• [Directions for this task]:
Word for word, restate the lines of the data below between those holding "Majorette collection 1955" and "Highlights & Hidden", inclusive; pictures do not belong in the copy.
##############################
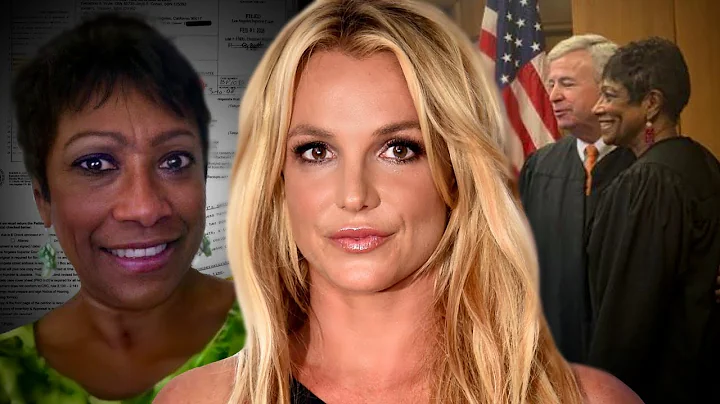 Exposing the Truth about Britney Spears Corrupt Ju...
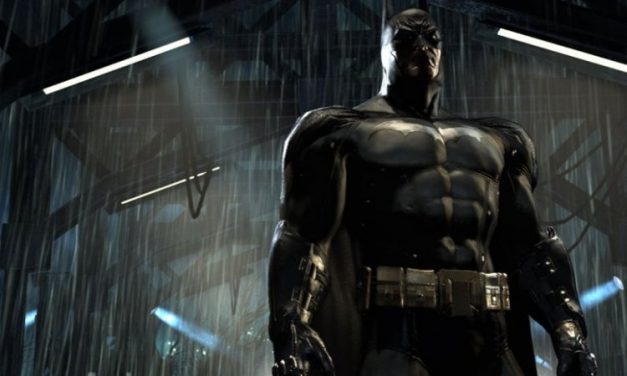 Batman: Arkham Asylum – Guiness rekord!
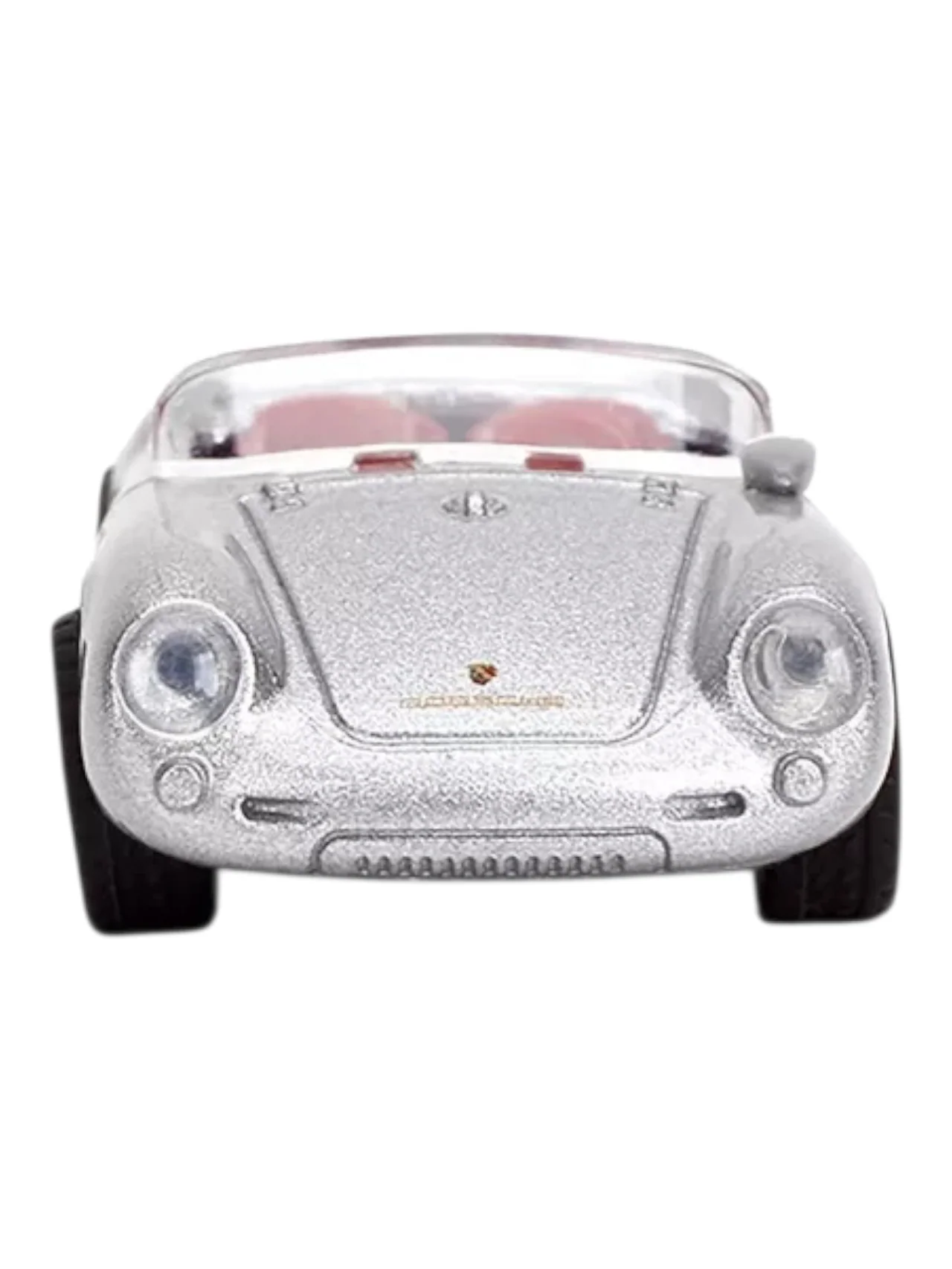 Majorette collection 1955 porsche 550 spyder 1:64 Scale - Image 7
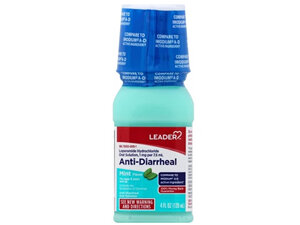 Anti-Diarrheal 1 Mg/7.5 Ml Sol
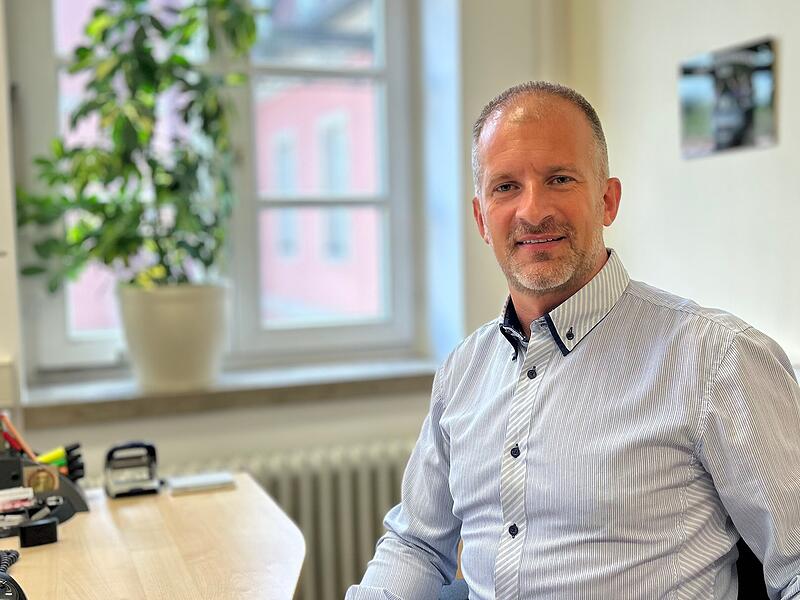Cyber-Ermittler aus Coburg im Interview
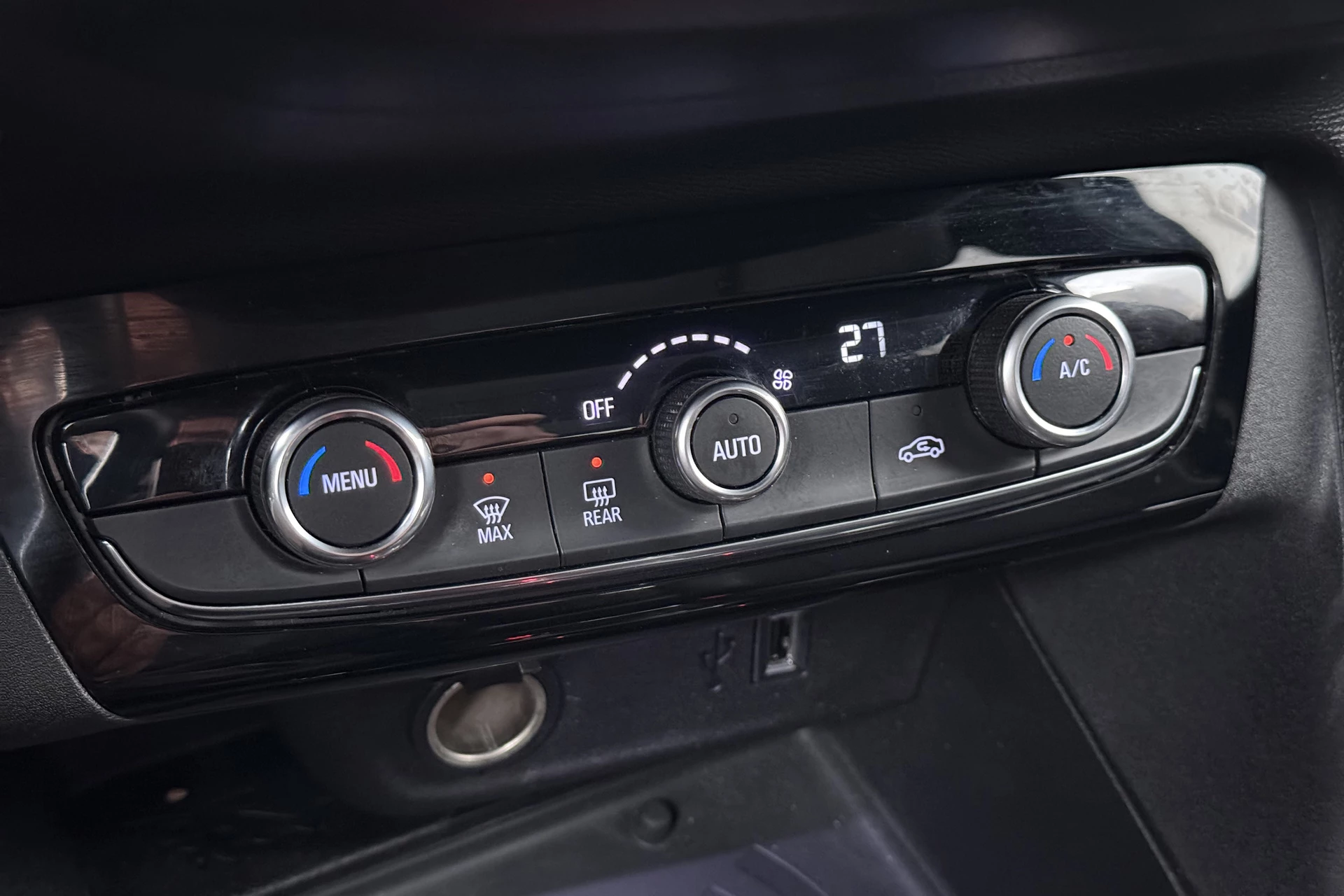 Hoofdafbeelding Opel Corsa-e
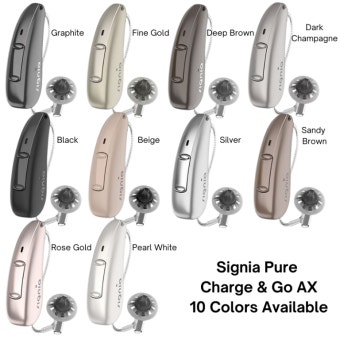 시그니아 보청기 가격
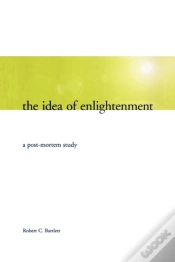 Capa do artigo The Idea Of Enlightenment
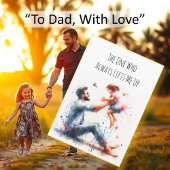 いつも私を元気づけてくれる人|過去記事 カード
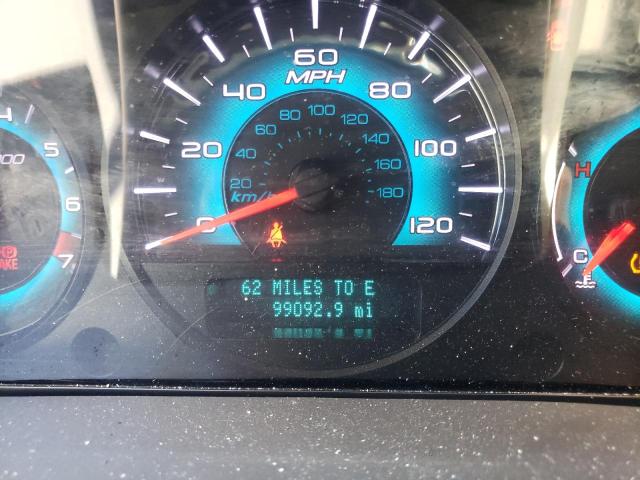 Photo 8 from auction – 2012 FORD FUSION SEL with VIN 3FAHP0CG6CR308517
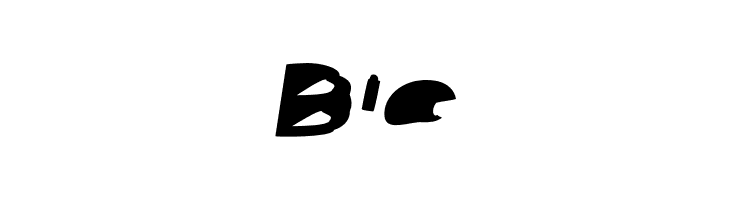 Ampere SuperExtended Italic  Free Fonts Download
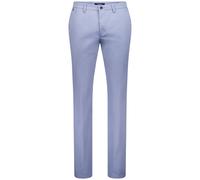 Atelier Gardeur Bono Mittelblau Taglia: W30L30 | Pantaloni chino Outlet | Uomo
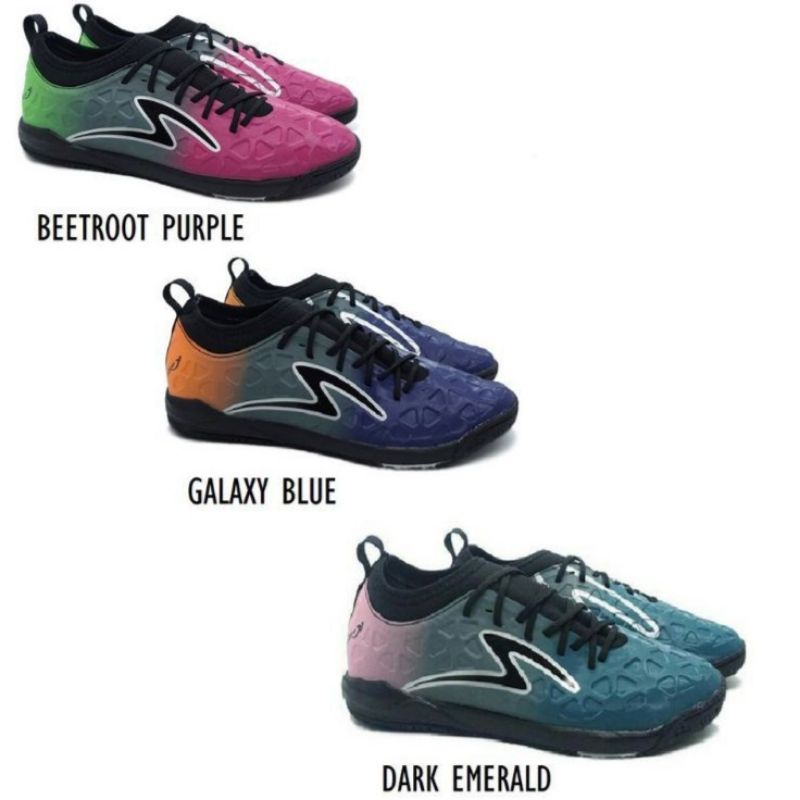 SEPATU FUTSAL SPECS SWERVO INERTIA IN ORIGINAL - All Varian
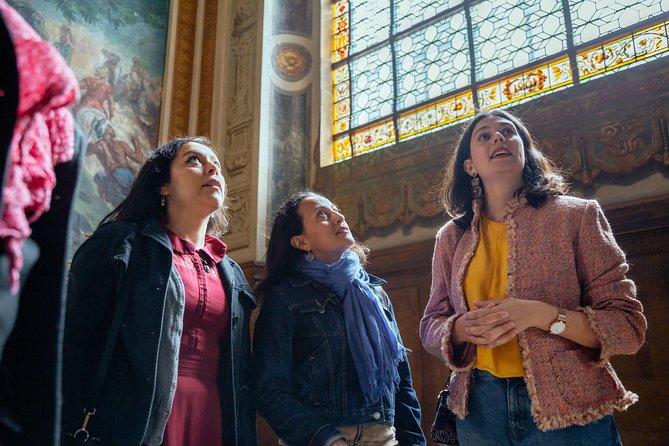 Highlights & Hidden Gems of Ile de Cité & the Left Bank: Private City Tour - What’s included (and what isn’t) so you don’t get surprised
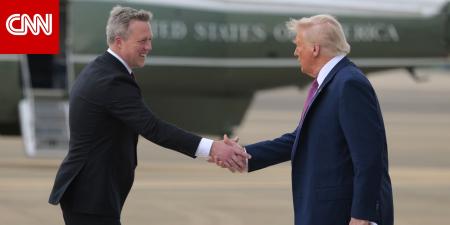 ماذا نعرف عن "رجل المسيرات" الذي اختاره ترامب لإنهاء حرب أوكرانيا؟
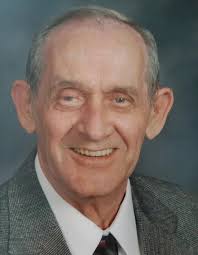 Arthur J. Snowden Obituary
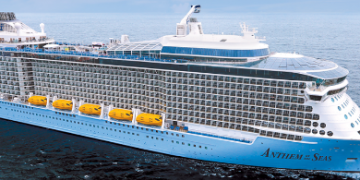 Royal Caribbean Turizmtatilseyahat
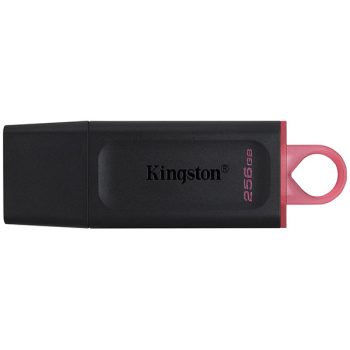Stick Kingston 256GB DataTraveler Exodia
##############################
• [Response area]:
 Majorette collection 1955 porsche 550 spyder 1:64 Scale - Image 7
 Anti-Diarrheal 1 Mg/7.5 Ml Sol
Cyber-Ermittler aus Coburg im Interview
 Hoofdafbeelding Opel Corsa-e
 시그니아 보청기 가격
 Capa do artigo The Idea Of Enlightenment
 いつも私を元気づけてくれる人|過去記事 カード
 Photo 8 from auction – 2012 FORD FUSION SEL with VIN 3FAHP0CG6CR308517
 Ampere SuperExtended Italic  Free Fonts Download
 Atelier Gardeur Bono Mittelblau Taglia: W30L30 | Pantaloni chino Outlet | Uomo
 SEPATU FUTSAL SPECS SWERVO INERTIA IN ORIGINAL - All Varian
 Highlights & Hidden Gems of Ile de Cité & the Left Bank: Private City Tour - What’s included (and what isn’t) so you don’t get surprised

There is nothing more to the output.